However, the lack of a suitable low-cost and energy-efficient thin-film fabrication process and surface degradation after the thinning process limits its practical applications. Thinning processes used for BP flakes include wet chemical and thermal treatment, conductive atomic force microscope anodic oxidation and electron beam sculpting, and thermal oxidization and plasma treatment.
Schematic diagram of thinning process of the BP flakes. Slight UVO radiation was introduced to oxidize the BP flakes, and Ar plasma was used to remove the residue. Image Credit: Lu, Q et al., Materials
UVO radiation is one of the widely used thermal oxidization processes owing to the formation of a more stable BP surface, whereas Ar plasma treatment is used to remove the oxidized residues, but these two processes influence the electronic performance of devices due to the formation of surface defects, and subsequent ununiform surface oxidization.
As simple UVO radiation and Ar plasma treatment are not enough to achieve a stable thinning rate of exfoliated BP flakes, a secondary annealing process can be incorporated.
About the Study
In this study, researchers first procured BP flakes from mechanical exfoliation of a bulk BP crystal by Scotch tape. The obtained BP flakes were then exposed to a low-intensity UVO radiation of 50 watts, which resulted in a BP flake thinning rate of about 2 nm/min due to the ozone oxidation without direct bombardment.
Subsequently, an Ar atmosphere plasma beam was introduced using a reactive ion etching (RIE) equipment to remove the oxidized residue on the top surface of the BP followed by a 300 °C annealing process for 1 min in nitrogen (N2) atmosphere to eliminate the interface defects.
Subsequently, the thinned BP flakes were characterized using an optical microscope, an atomic force microscope (AFM) in tapping mode, a Raman spectrometer with an excitation wavelength of 514 nm, and an X-ray photoelectric spectroscopy (XPS) to analyze the binding energies of the BP flakes. Finally, they were used to fabricate a field-effect transistor (FET) whose performances were calibrated using a semiconductor parameter analyzer under vacuum conditions.
Optical images of mechanically exfoliated BP flakes treated with UV light radiation at different times and 300 °C annealing in N2 atmosphere (a–h). The length of the scale bar is 5 μm. Thinned thicknesses of BP flake as a function of the radiation time are shown as white lines. (i) Raman spectra of the BP flake being treated for various UVO light radiation corresponding to (a–g). (j) Intensity ratio of the A1g/Si and A2g/Si as functions of the UVO light radiation time. Image Credit: Lu, Q et al., Materials
Some small bubbles were observed on the surface of BP flake in optical microscopy and AFM images due to residual airborne H2O and O2, even under vacuum conditions. The thickness of the prepared thinned BP flake sample was ~8 nm, compared with a thickness of ~13 nm before thinning. Similarly, the measured surface roughness of the thinned BP flakes was 1.76 nm, compared with 1.73 nm before thinning, which was a very minor increase. This could be due to the use of a high-power laser during the Raman test.
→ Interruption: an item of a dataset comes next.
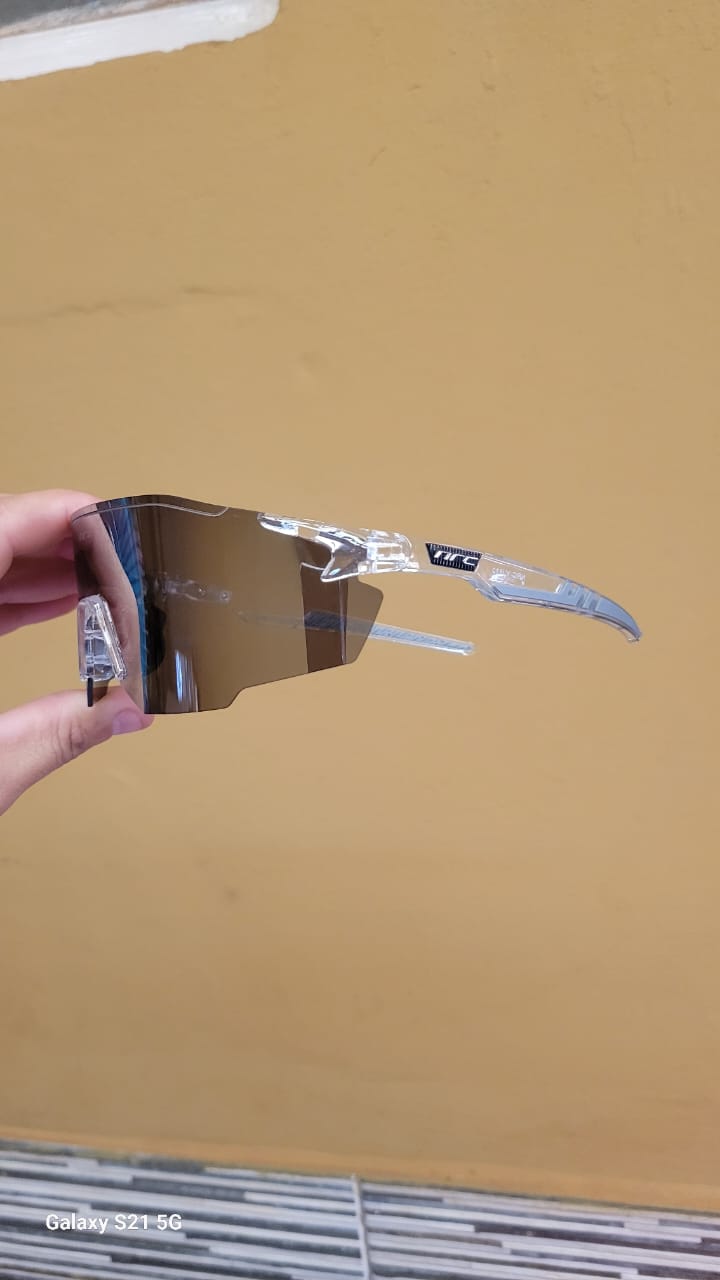 Gafas Visor Clear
Raman spectroscopy showed that the thinning rate was about 2 nm/min from an initial thickness of 14 nm. Also, the three prominent spectra peaks at 360.7, 437.4, and 465.6 cm−1, both before and after the UVO radiation treatment, were attributed to the vibration of the crystalline lattice of BP viz. the A1g (out-of-plane vibrations), B2g, and A2g (in-plane vibrations) phonon modes. This indicated the retaining of the crystallinity of BP after UVO light and plasma treatment.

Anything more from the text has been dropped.